Синтез как некий более широкий и гибкий подход демонстрирует возможность сосуществования разных истин, их сводимость к единому, к точечности, что лишь предполагает их множественность и не мешает им разбегаться из этой абсолютной точки в разные стороны. Диалоги Бруци, Ландино, Кастильонкьо могут быть перевернуты, т. е. можно с равным успехом двигаться от последней речи Никколи, Альберти, Лапо к первой. Дело в том, что бинарность не снимается, а подразумевается синтезом. В диалоге нет развития, а есть инвариантность истин, поэтому диалог логически обратим. И у Поджо, и у Валлы синтеза нет как вывода, как конца, в этой роли он выглядит наиболее формально, плоско, беспомощно, «эклектично». Это только другое начало, другой конец той же оси.
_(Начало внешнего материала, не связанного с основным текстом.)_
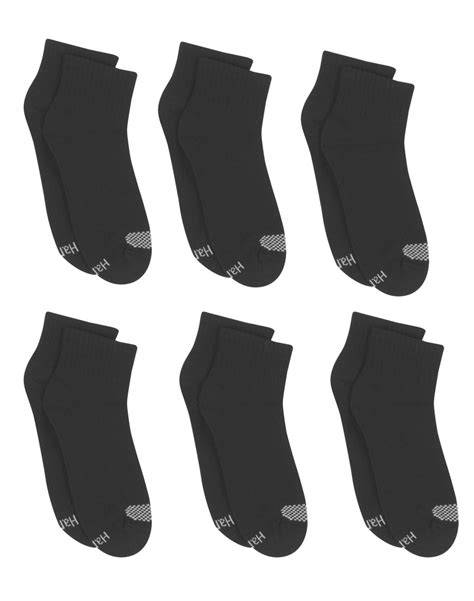 Hanes Womens Breathable Comfort Toe Seam Ankle Socks 6 Pack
Попытаемся проделать мысленный эксперимент: представим, что, например, трактат «О наслаждении» начинается с речи Никколи, т. е. с внутренне противоречивого объединения разнородных подходов. Тогда дальнейшее движение состояло бы в обнаружении двойственности синтеза и в расхождении свернутых в нем духовных потенций. Если гуманистический диалог в некотором роде устремлен от множественности к единству, от разомкнутости к точечности, то в не меньшей мере он направлен от общего и примиряющего к различному и спорящему. Диалог логически движется в двух встречных направлениях. Схему с легко представить как .
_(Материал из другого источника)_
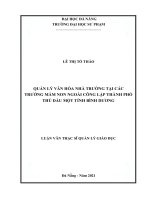 Quản lý văn hóa nhà trường tại các trường mầm non ngoài công lập thành phố thủ dầu một tỉnh bình dương 1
Противоречия гуманистического стиля мышления
Можно предположить, что диалогичность гуманизма есть специфическое совмещение замкнутости и открытости. Без открытости и терпимости, без того ощущения неисчерпаемого плюрализма истины, которое так хорошо и сознательно воплотилось в пиковском «мире философов», гуманистический диалог как дружеский спор разных культурных позиций был бы немыслим, во всяком случае в XV в. Ludum serium сразу превратилось бы в столкновение лбами. Тогда запахло бы теми кострами, на которых савонароловские «плаксы» сжигали ренессансные картины и книги, или тем костром, на котором впоследствии сожгли самого Савонаролу. Но открытость в равной мере была невозможна без замкнутости, т. е. без того, что делает рядоположные истины не безразлично-терпимыми, а внутренне связанными в рамках какой-то божественно-полной и вечной истины.
Ренессанс подорвал средневековую авторитарность мышления, не отбросив ее, а, наоборот, доведя до предела и обратив в противоположность. Средневековье чтило высший авторитет в каждой сфере, и особенно авторитет теологии и Библии, возвышавшийся над всеми сферами. Авторитарность же Возрождения, так сказать, не монархическая, а республиканская: античные, церковные, восточные авторы — все авторитетны, и потому любой отдельный авторитет (даже святого писания) стал частичным, относительным, а не полным выражением истины. Христианское откровение было теперь понято как запечатленное во всей истории человечества, до Христа и после Христа, в религии и вне религии, и, следовательно, не исчерпывающееся ничем и никем, даже Христом. Ренессансная убежденность в релятивности всяких человеческих проявлений, способностей и мнений коренилась в ощущении абсолютности человека и мира, не могущей быть сведенной к чему-то конкретному. Отсюда: представление ранних гуманистов о том, что каждая личность в состоянии индивидуально доработаться до идеального «универсального человека»; их цицеронианская манера черпать отовсюду, их признание античности самостоятельно ценной духовностью, непохожей на христианство, но в конечном счете выражающей то же самое; их любовь к неиссякающему слову, а затем овладевшее флорентийскими неоплатониками еще более отчетливое, жгучее чувство единства истины во всех религиях и философиях, пантеистичности космоса и особой функции в нем человека, ко всему причастного и ни в чем не закрепляющегося{178}.